*** SUPPLIED MATERIAL ***
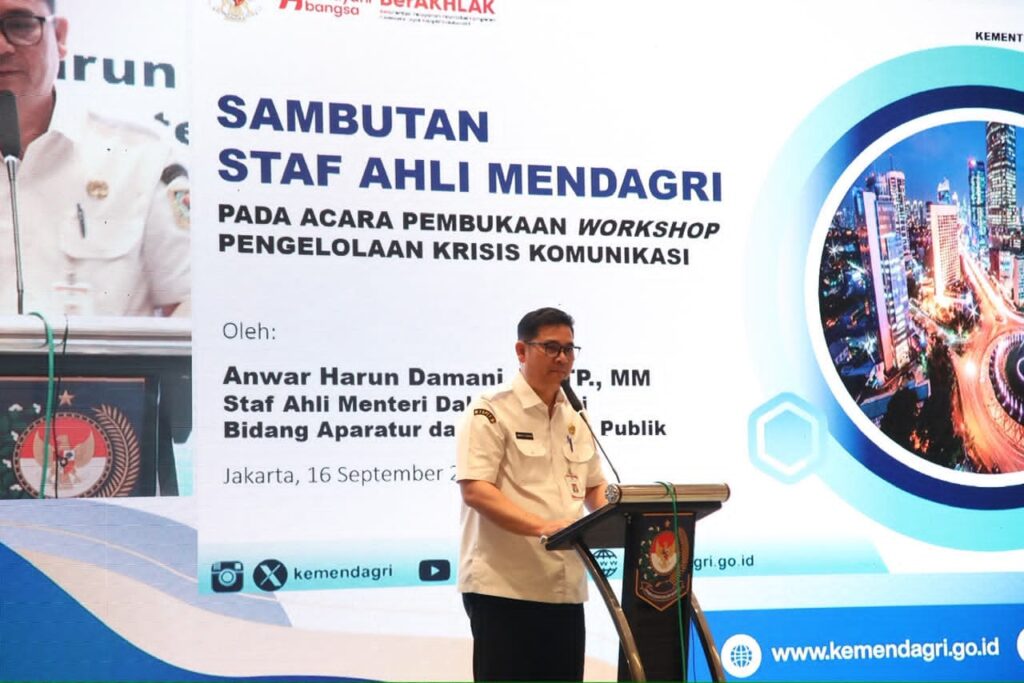 Kemendagri Dorong Pengelolaan Krisis Komunikasi Pemerintah secara Cepat dan Berbasis Data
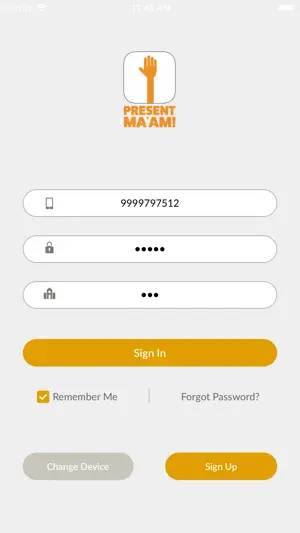 Present Ma'am parent App screenshot 1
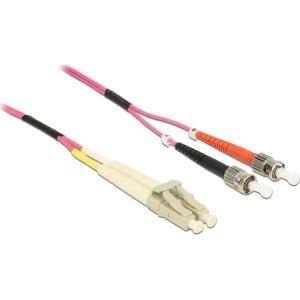 Delock Kabel Lichtwellenleiter LC > ST Multimode OM4 2 m (84686)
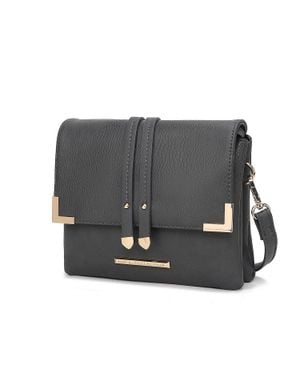 MKF Valeska Crossbody Handbag Purse Multi Compartments By Mia K - Natural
***
◆ **REQUIRED ACTION**: Write the material above out again exactly. Omit every image.

◆ **TASK ANSWER**:
 Kemendagri Dorong Pengelolaan Krisis Komunikasi Pemerintah secara Cepat dan Berbasis Data
 Present Ma'am parent App screenshot 1
 Delock Kabel Lichtwellenleiter LC > ST Multimode OM4 2 m (84686)
 MKF Valeska Crossbody Handbag Purse Multi Compartments By Mia K - Natural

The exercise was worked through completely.